マルは今や全身を紅潮させ、「これ以上は内緒よ!」と駆け出してしまった。ケーキ屋に飛び込む小さな背中を見送って、ジェイクは1本煙草を銜えた。
これは中々面白いことになってきた。
※※※
レオはノックの音に漸く顔を上げた。書類と向き合い続けて乾燥した目が痛い。ジェイクが珈琲豆の入った紙袋をレオの前でガサガサと揺らした。その音から、数種類の豆を買ってきたことに気付く。
「何種類か買ったのか。いつものでいいのに」
ふ、と呆れたように小さく笑ったレオに、マルが誇らしげに胸を張った。久々に見た仕草である。
「ふふん、これは店員さんにおまけで貰ったのよ。小さい袋に、挽いたのを少しずつ入れてくれたの。試飲して、好きな味を見つけたらまた買いに来てって」
「ほう。気前が良いじゃないか。……ん? レシートか?」
あっ! とマルが声を上げる。革張りの椅子の上で書類と睨めっこをしていたロキがちらりとマルを見た。マルは顔を真っ赤にしてレオが持つ紙を取り戻そうとする。咄嗟にひょいと高く上げてしまったレオに、ジェイクが思わず吹き出した。
「レオさんレオさん、意地悪したら可哀想っすよ。
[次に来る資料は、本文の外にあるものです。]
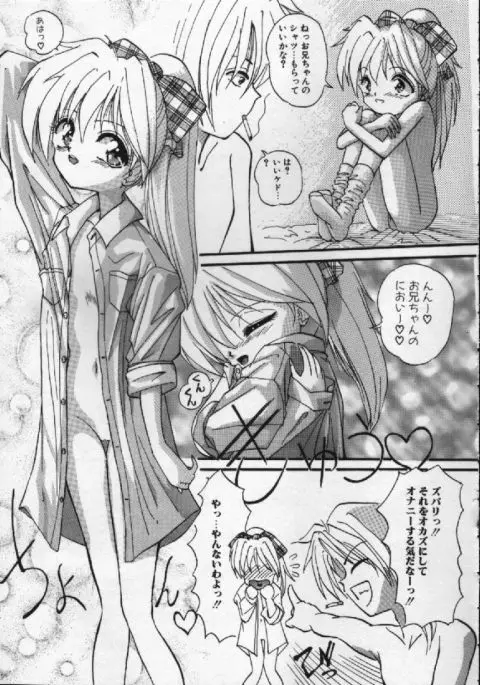がんばれバニーちゃん Page.14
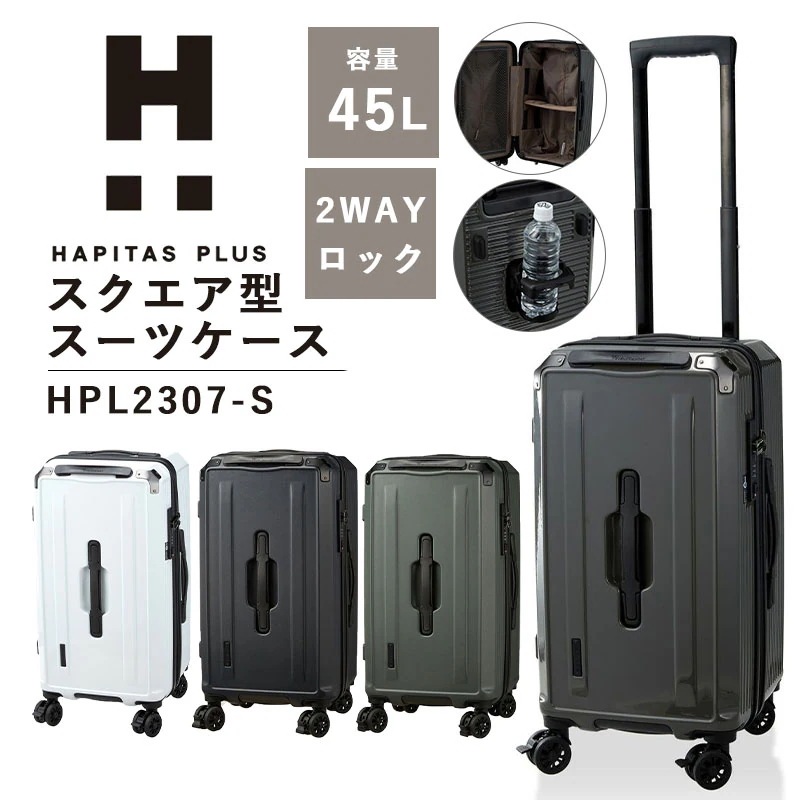 siffer スクエア型 45L HPL2307-S スーツケース BOX型 TSAロック キャリーケース ファスナー ダブルキャスター ドリンクホルダー ストッパー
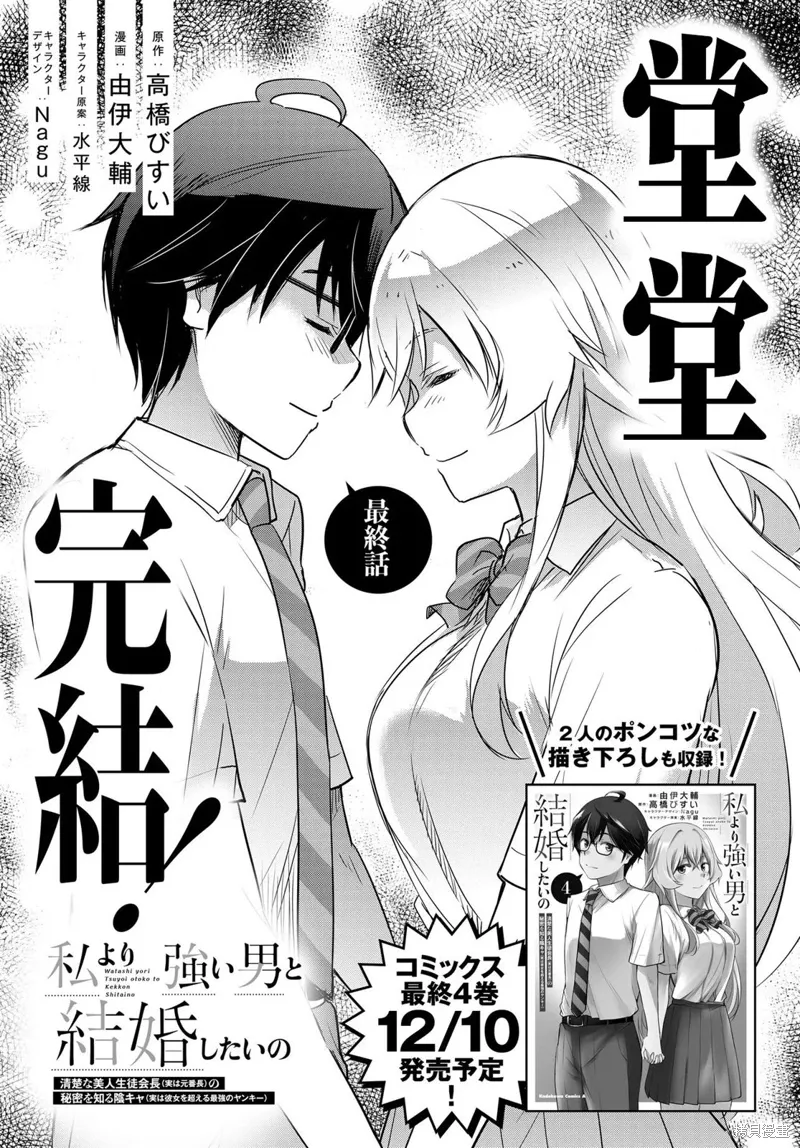 想和比我厉害的男人结婚漫画,第26话1图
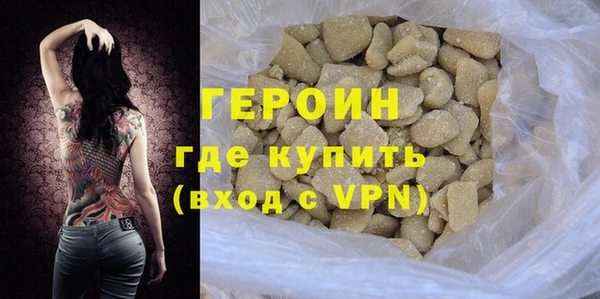 первитин Белокуриха
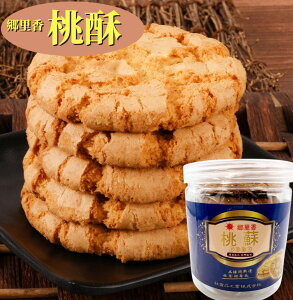 郷里香 【 桃酥 】 桃蘇 酥餅 タォースゥ クッキー 中華お菓子 中華風点心 240g 酥餅  サクサク サクサクパイ 冷凍保存 常温便発送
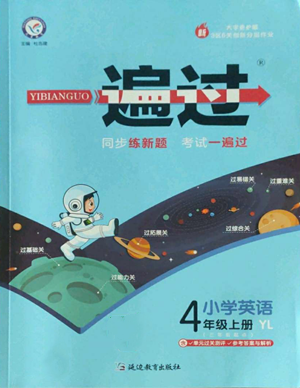 延边教育出版社2022秋季一遍过四年级上册英语译林版参考答案 延边教育出版社2022秋季一遍过四年级上册英语译林版参考答案
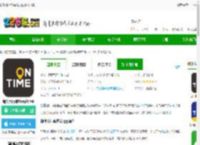 如祺出行乘客端app官方下载-如祺出行乘客端客户端下载v3.14.0 安卓最新版-2265安卓网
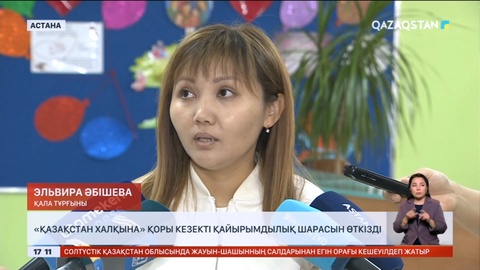 «Қазақстан халқына» қоры кезекті қайырымдылық шарасын өткізді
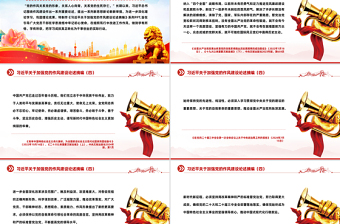 2025习近平关于加强党的作风建设论述摘编（四）PPT党课下载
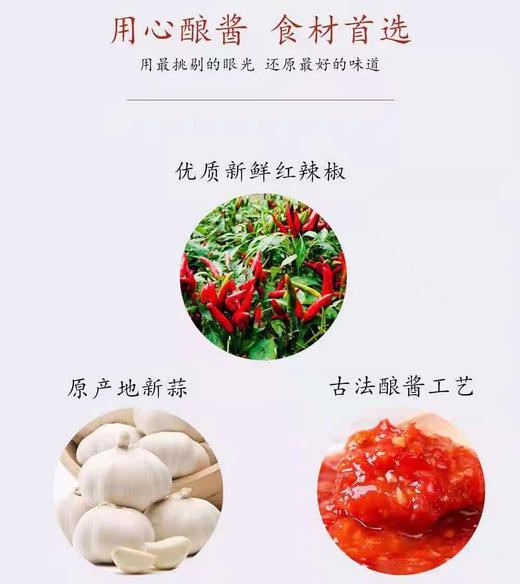 HEB香辣酱285g*3瓶 商品图10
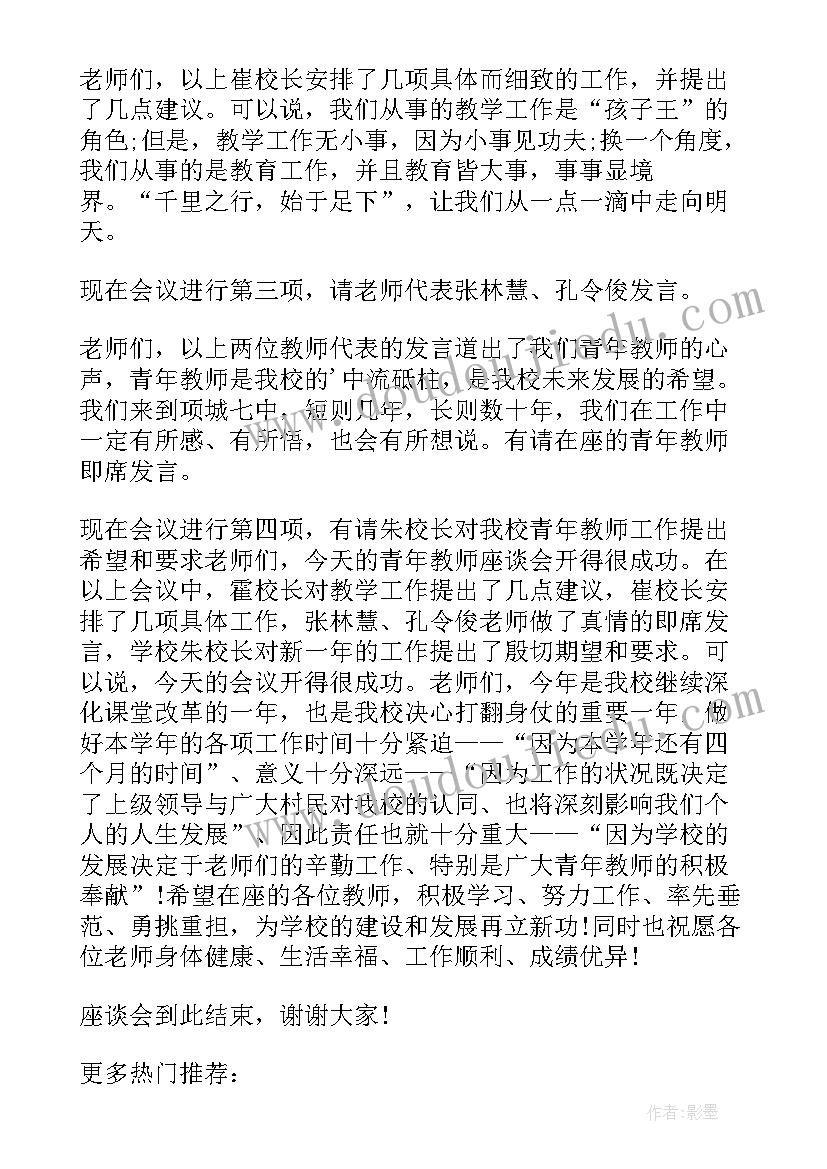 2023年五四青年座谈会主持词和结束语(通用5篇)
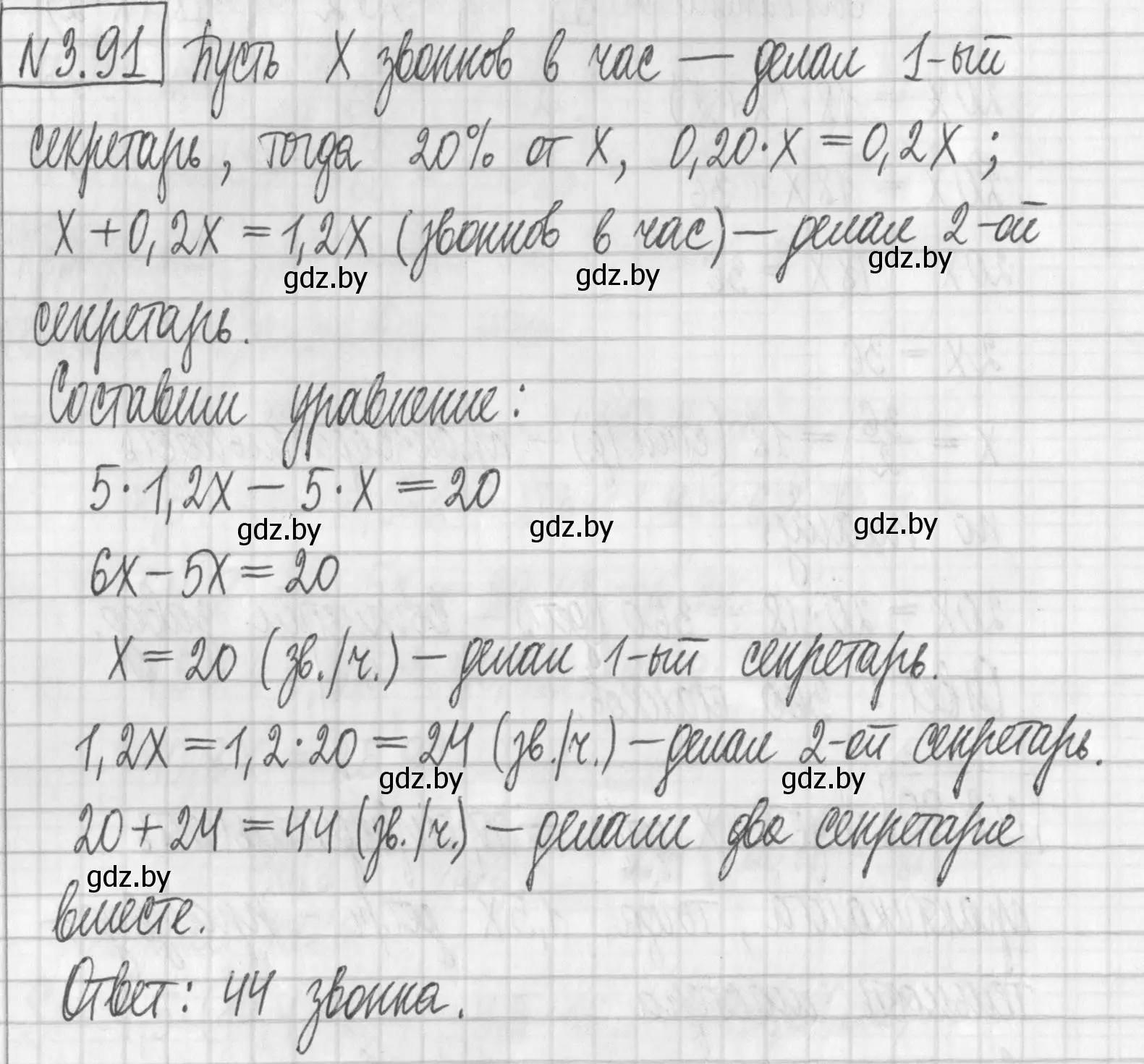 Решение номер 3.91 (страница 169) гдз по алгебре 7 класс Арефьева, Пирютко, учебник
マルちゃんの人生初のナンパの勲章なんすから」
「…ナンパ?」レオと見事ハモった声はロキのものである。
マルが真っ赤な顔を両手で隠した。
「ち、調子に乗ったのは謝るわ。でも、こんなところでバラさなくたっていいじゃない。わ、私、ジェイクさんだけにしか言わないつもりだったのに…」
ジェイクが驚いた顔をした。「えっ、そうなんすか。ごめんね? はしゃいでたから、てっきり自慢したかったかと…」
「はしゃいだのか」
レオがくつくつと笑い、マルが泣きそうな顔をした。
みんな揃って馬鹿にして。
レオは紙をそっとマルに握らせて、「すまない、俺らもついはしゃぎすぎた。美人な使い魔を持てて光栄だ」と微笑んだ。
マルは爪の先まで真っ赤になって、「美人だなんて…」と満更でもなさそうな顔をした。
ジェイクは横目で「レオさん揶揄ったの咄嗟に誤魔化そうとしたっすね」と彼の真意を悟った。
ロキは連絡先の書かれているであろう小さな紙を大事そうにポケットにしまったマルを食い入るように見つめていた。彼の握る万年筆の筆圧がえらいことになっている。
「あ、そうだわ。レオにお土産を買ってきたのよ。お仕事が煮詰まったら食べてもらおうかと思って…」
マルはいそいそと持っていた小さな箱を開いた。
「お、ショートケーキか」レオが嬉しそうな声を上げる。
マルは頷いて、もじもじとロキをチラ見した。中々言い出そうとしないマルに、いっそ全てを悟ったジェイクがナンパの件をバラした贖罪として助け舟を出してやった。
「マルちゃん、このチョコケーキはもしかしてロキのっすか?」
マルは頷いたか頷いていないかの中間くらいの動きをした。
ジェイクは「そっか。ロキ、マルちゃんがお前のためにチョコケーキ買ってきたっすよ」と破壊した万年筆の先端を魔法で取り替えていた男を手招いてやる。
ロキは目に見えて嬉しそうな顔をした。
「へぇ、俺のもあるのか?」
上機嫌でレオの隣に寄ってきたロキが、目にも止まらぬ速さでマルのポケットに入れていた例の連絡先を魔法で取り出し、跡形もなく燃やしたのをジェイクは偶然見てしまった。
見なければよかった。
マルはそんなことは梅雨知らず、にこにこと珈琲の準備をし始める。ジェイクは天に願いを捧げた。どうかマルちゃんが、ロキに店員からもらったおまけ珈琲を出しませんように。